La pouliche cligna des yeux d'un air surpris, presque outré, mais Henry ne se laissa pas avoir. Il en avait maté des plus dures qu'elle, elle n'avait qu'à bien se tenir.

Le vieil éleveur sortit de l'écurie et s'arrêta un instant sur le seuil pour contempler son domaine. Il faisait gris, ce matin-là. Le soleil refusait de sortir de son abri de nuages, et il faisait froid. L'atmosphère était lourde, comme s'il allait bientôt se mettre à pleuvoir. Il était encore assez tôt, mais on s'activait déjà. A quelques mètres, Della et la stagiaire sellaient une dizaine de chevaux dans le silence le plus absolu, en s'ignorant superbement.

Henry soupira.
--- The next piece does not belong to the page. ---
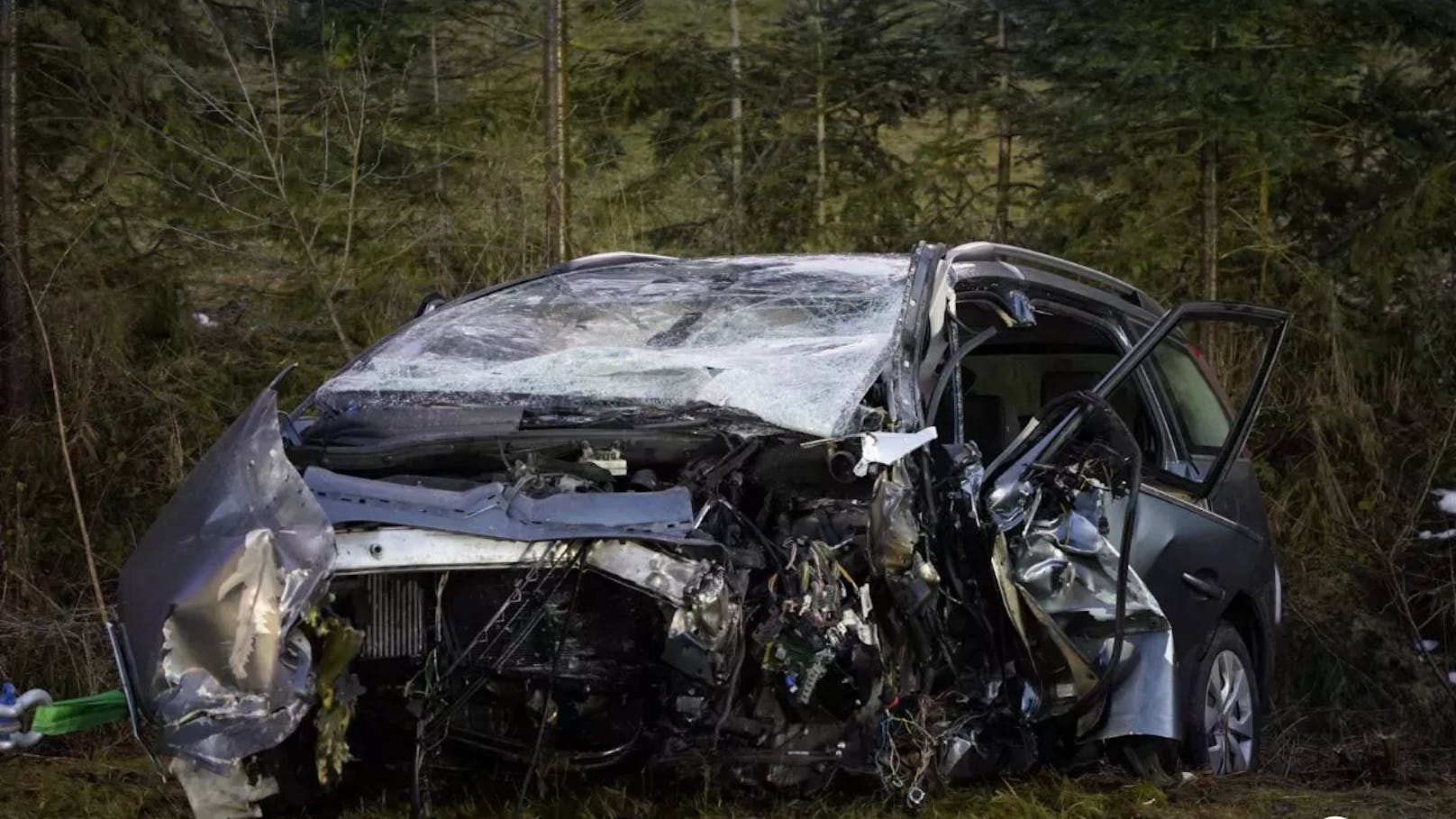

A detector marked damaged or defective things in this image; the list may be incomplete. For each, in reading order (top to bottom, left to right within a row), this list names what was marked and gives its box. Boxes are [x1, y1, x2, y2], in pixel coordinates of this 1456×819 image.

torn metal panel [117, 389, 335, 768]
damaged radiator [360, 577, 423, 660]
shattered windshield [315, 256, 908, 438]
severely wrecked car [120, 245, 1290, 818] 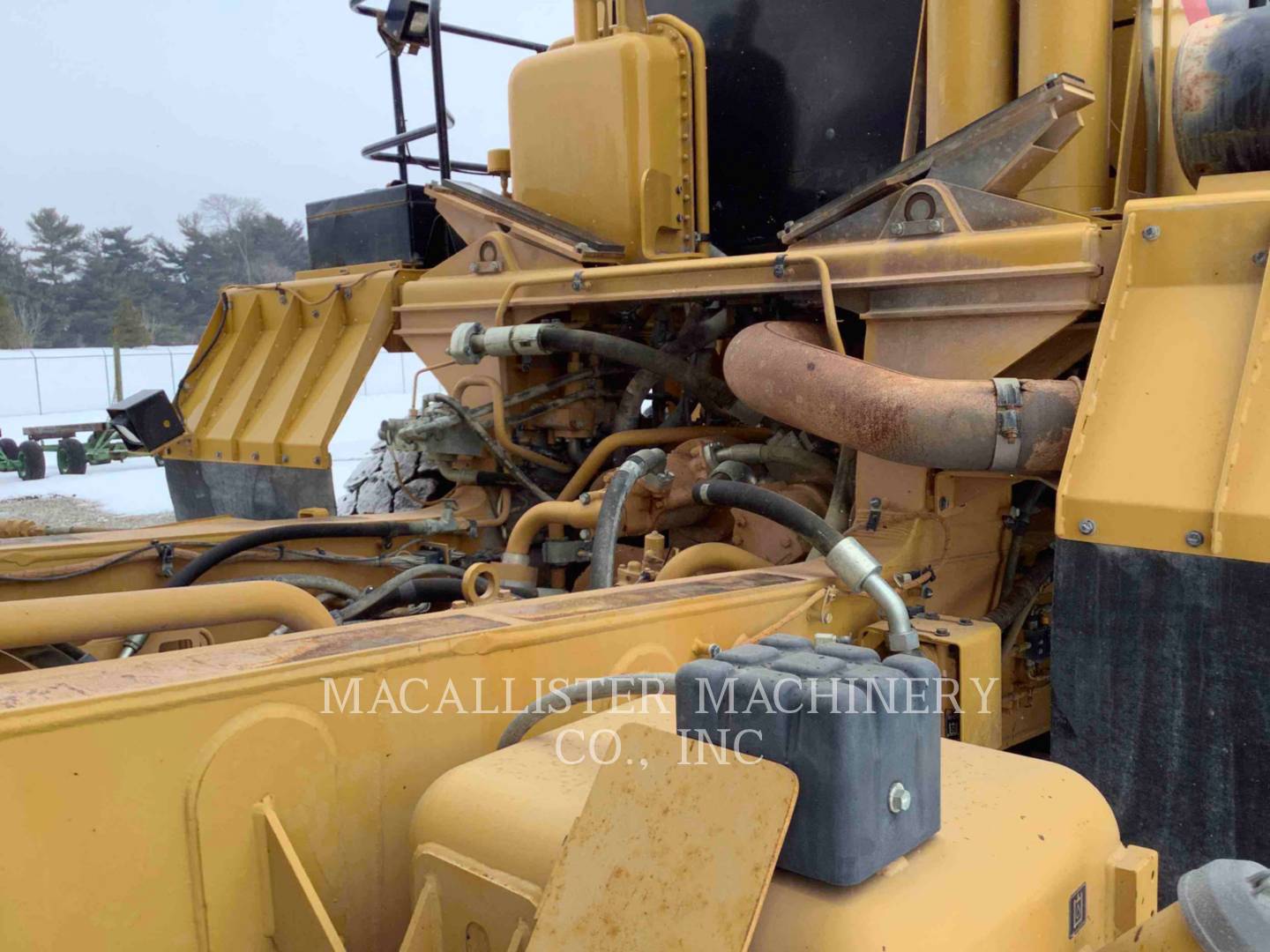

Dire que les deux filles étaient en froid était un bel euphémisme. Della détestait cordialement la stagiaire, qui le lui rendait bien mais n'avait pas, contrairement à la monitrice, suffisamment de légitimité au domaine pour pouvoir lui rendre toutes ses méchancetés. Cela dit, ce n'était apparemment pas l'envie qui lui manquait, c'est inscrit sur son visage. Henry soupira encore. Et en plus, on était mercredi.

« Bon, gamin, on s'y met, grogna-t-il en se laissant tomber sur une chaise, devant son bureau. Les comptes. »

Lloyd fixait le parchemin étendu devant lui d'un regard vide, la bouche légèrement entrouverte. Il n'avait pas réagi quand son patron était entré dans le secrétariat, ni même lorsque celui-ci lui avait parlé.

« Gamin ! » aboya Henry.

Lloyd sursauta. Il leva les yeux vers Henry, qui constata avec surprise que l'habituelle étincelle qui brillait dans les yeux si noirs du jeune homme semblait éteinte.

« T'as quoi, toi ? »

Lloyd mit du temps à répondre. Ses yeux étaient tournés vers la fenêtre et le ciel où s'accumulaient les nuages noirs.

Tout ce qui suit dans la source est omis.